An Aesthete’s Ode

I’ve talked with numerous students over the years. There are the students who set out to achieve and achieve; those that do not set out to achieve and succeed in not achieving; and those that set out to achieve but underachieve.

It’s the latter class that I have a particular affinity for, as I pity the achievers: what pleasure is life if each desire is satiated? – infinite donuts provides a diminishing return. I pity “ unachievers” as well, since a lack of desire is worse than a satisfaction that blunts the senses.

But the underachievers – ah, the underachievers, the ones who have lofty goals but fail to achieve them or have great potential but fail to live up to it – oh, those I love. What can be more lovely that never achieving the prize? It will forever be beyond reach, never changing, always tantantalizing, always desirable. It will never lose its luster as a result of possession – owning will never diminish its value. It will always be perfect, pristine, lovely.

How I love the underachievers. They, perhaps, are closer than anyone to the true form of beauty – because they never have it to discover its flaws. It will remain perfect forever.

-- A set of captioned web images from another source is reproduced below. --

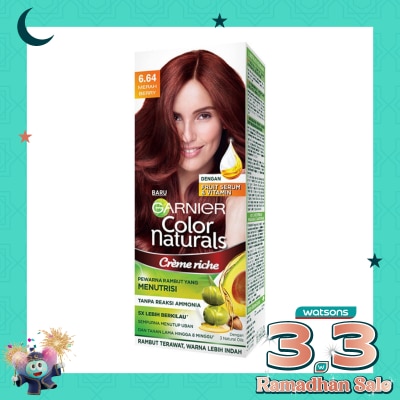 GARNIER Color Naturals Crème Riche 6.64 Merah Berry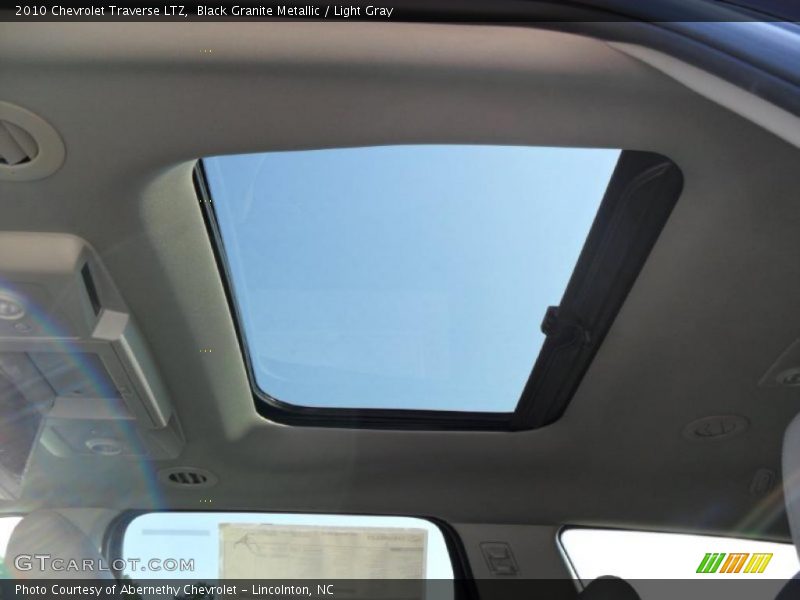 Black Granite Metallic / Light Gray 2010 Chevrolet Traverse LTZ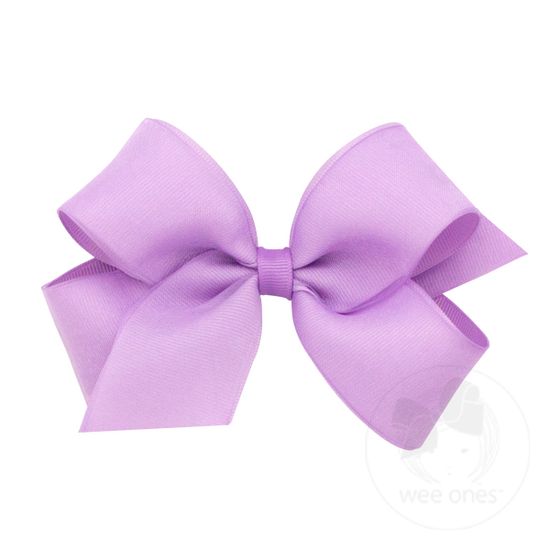 Medium Organza Overlay Girls Hair Bow - LAVENDER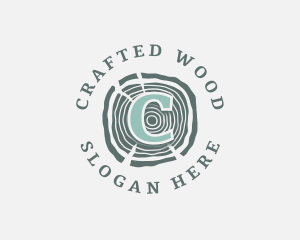 Wood Lumber Carpentry Crafting  logo design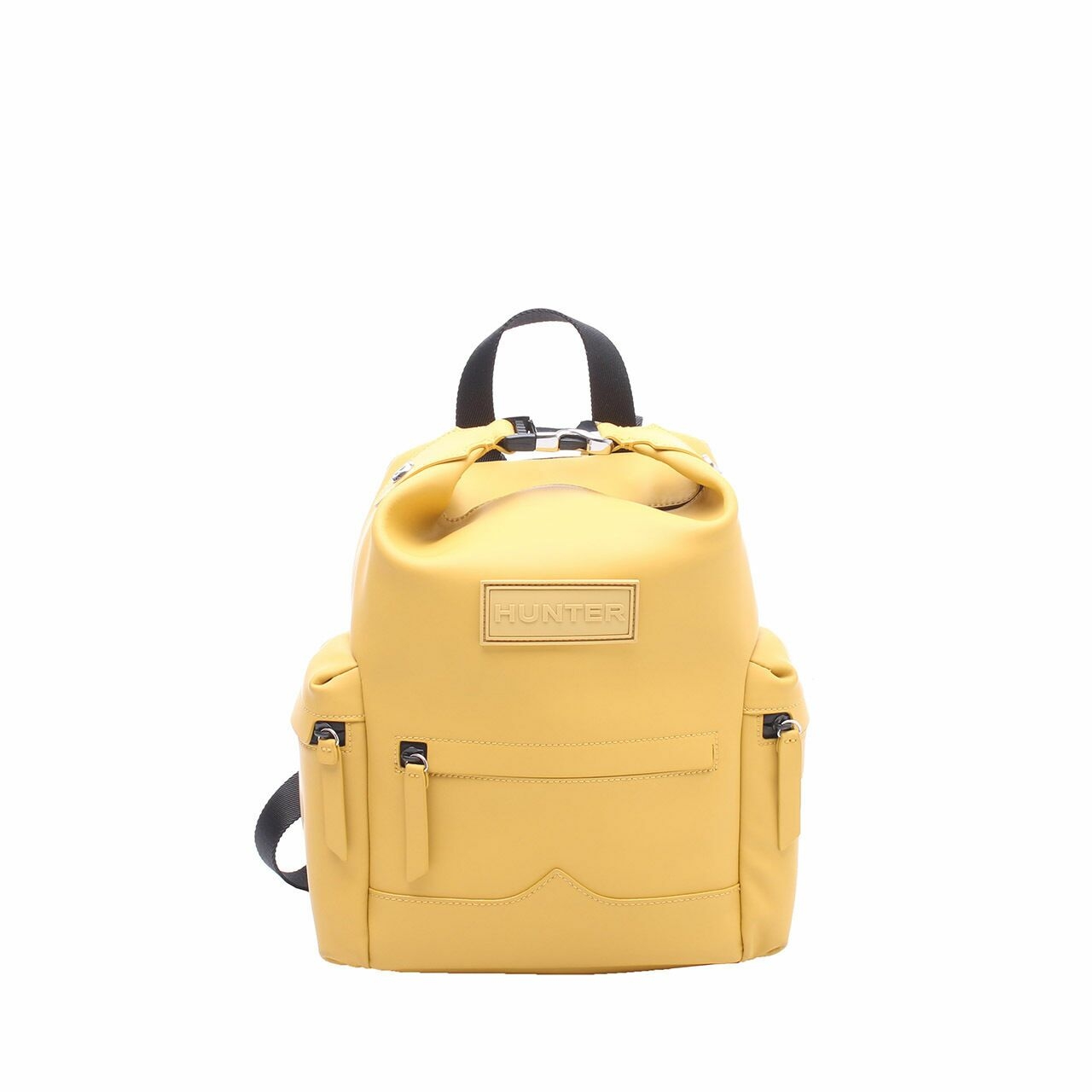 Hunter Mini Top Clip Rubberised Leather Mustard Backpack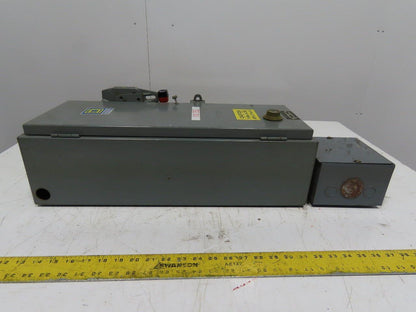 Square D 8538 SCG14 Single Throw Fusible Disconnect Safety SwitchW/Motor Starter
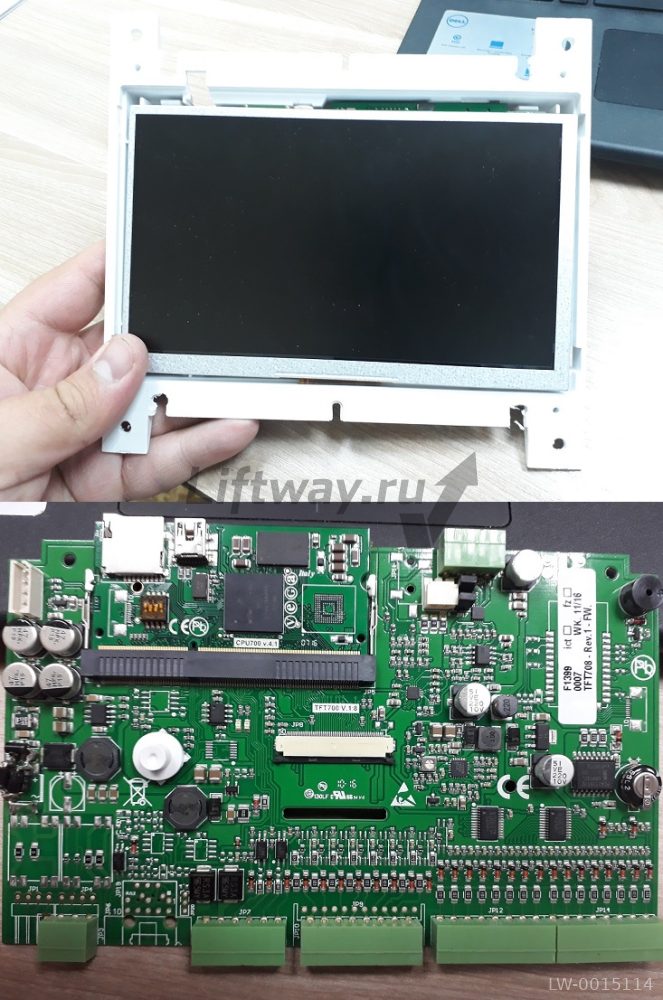 Индикатор TFT708-Rev.1-FW (TFT700 V.1:8) с протоколом УЛ/УКЛ лифта МЛЗ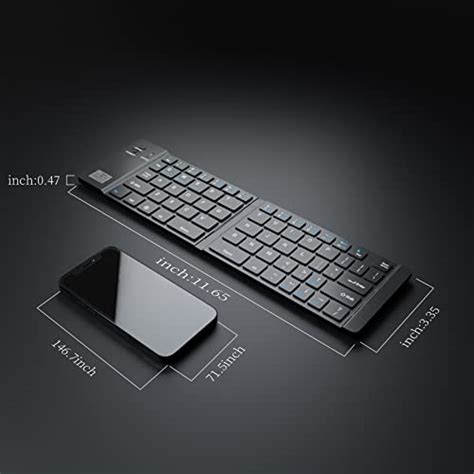 Geyes Foldable Bluetooth Keyboard Folding Keyboard For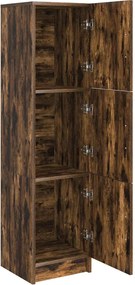 vidaXL Highboard Καπνιστό Δρύς 31.5 x 32 x 122.5 εκ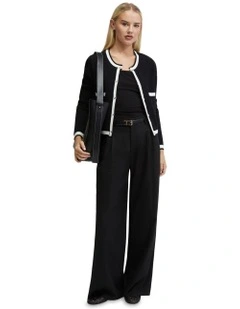 Olive Cardigan Jacket in Black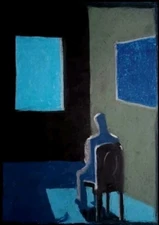 Modern Art Oil Chalk On A4 Paper, Modern Abstract Art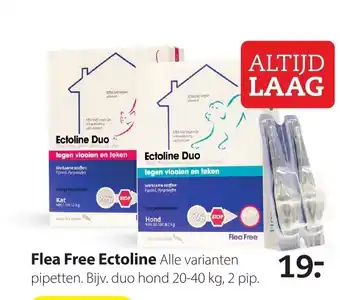 Pets Place Flea Free Ectoline aanbieding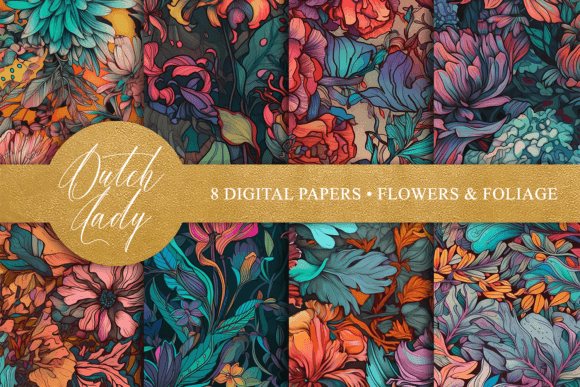 Download Seamless Flowers &amp; Foliage Patterns - Seamless Collection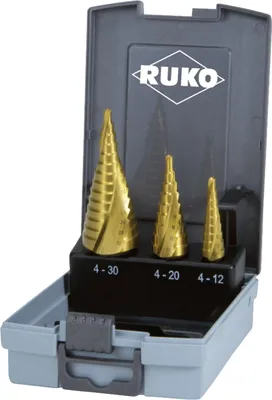 Produktbild von RUKO Stufenbohrersatz HSSTiN Terrax Gerade Nut in Rose Box - A101126TRO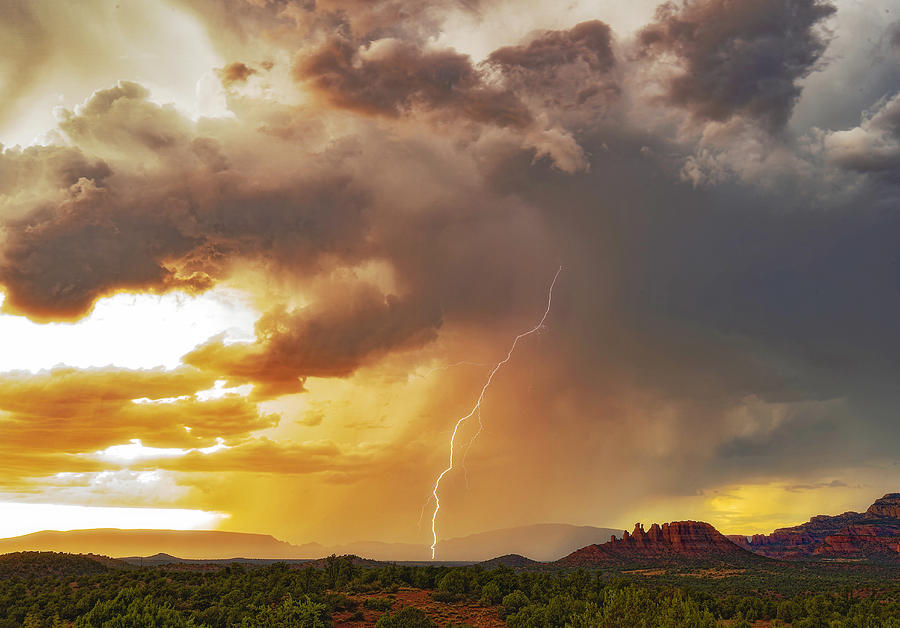 Magical Stormy Sedona Sunset Photograph by Heber Lopez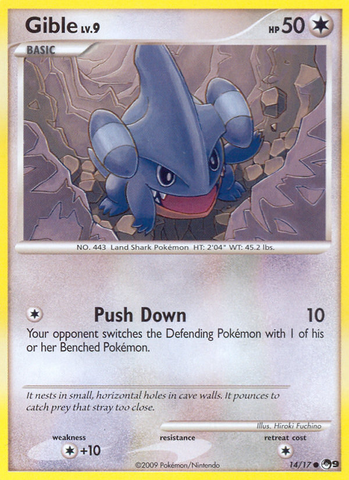 Gible (14/17) [POP Series 9] 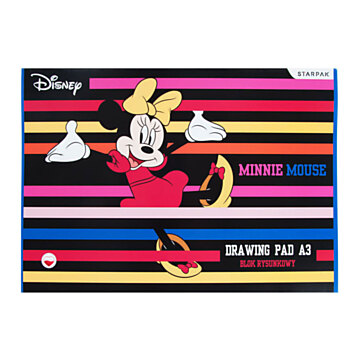 Drawing pad A3 Minnie Mouse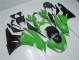 2009-2012 Green Black Kawasaki ZX6R Replacement Motorcycle Fairings 2009-2012 Green Black Kawasaki ZX6R Replacement Motorcycle Fairings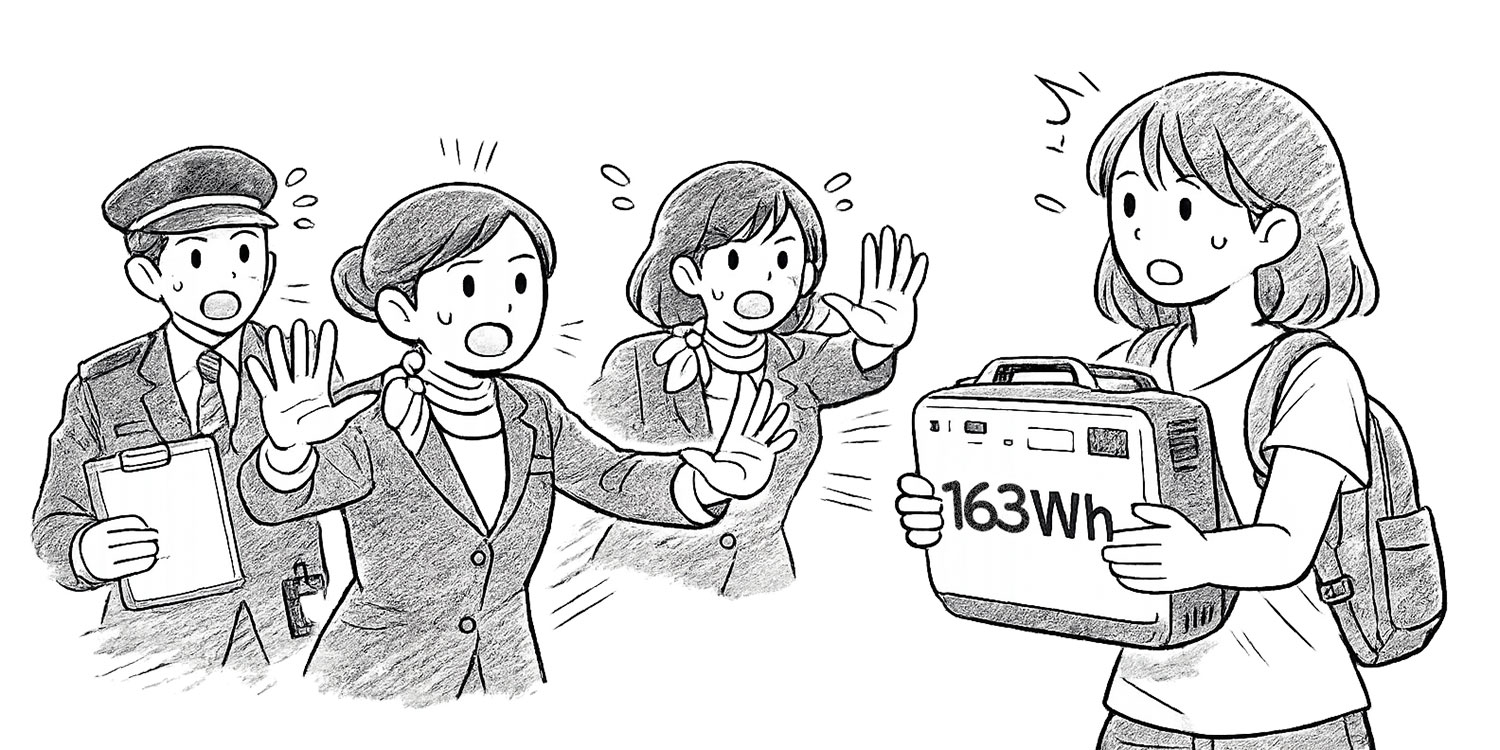 ワット時定格量は160Whまで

How I love the underachievers. Always desiring, always moving, roaming the sallow plains in search of a prey that cannot be found:

 Ah, happy, happy boughs! that cannot shed 
         Your leaves, nor ever bid the Spring adieu; 
And, happy melodist, unwearied, 
         For ever piping songs for ever new; 
More happy love! more happy, happy love! 
         For ever warm and still to be enjoy’d, 
                For ever panting, and for ever young; 
All breathing human passion far above, 
         That leaves a heart high-sorrowful and cloy’d, 
                A burning forehead, and a parching tongue.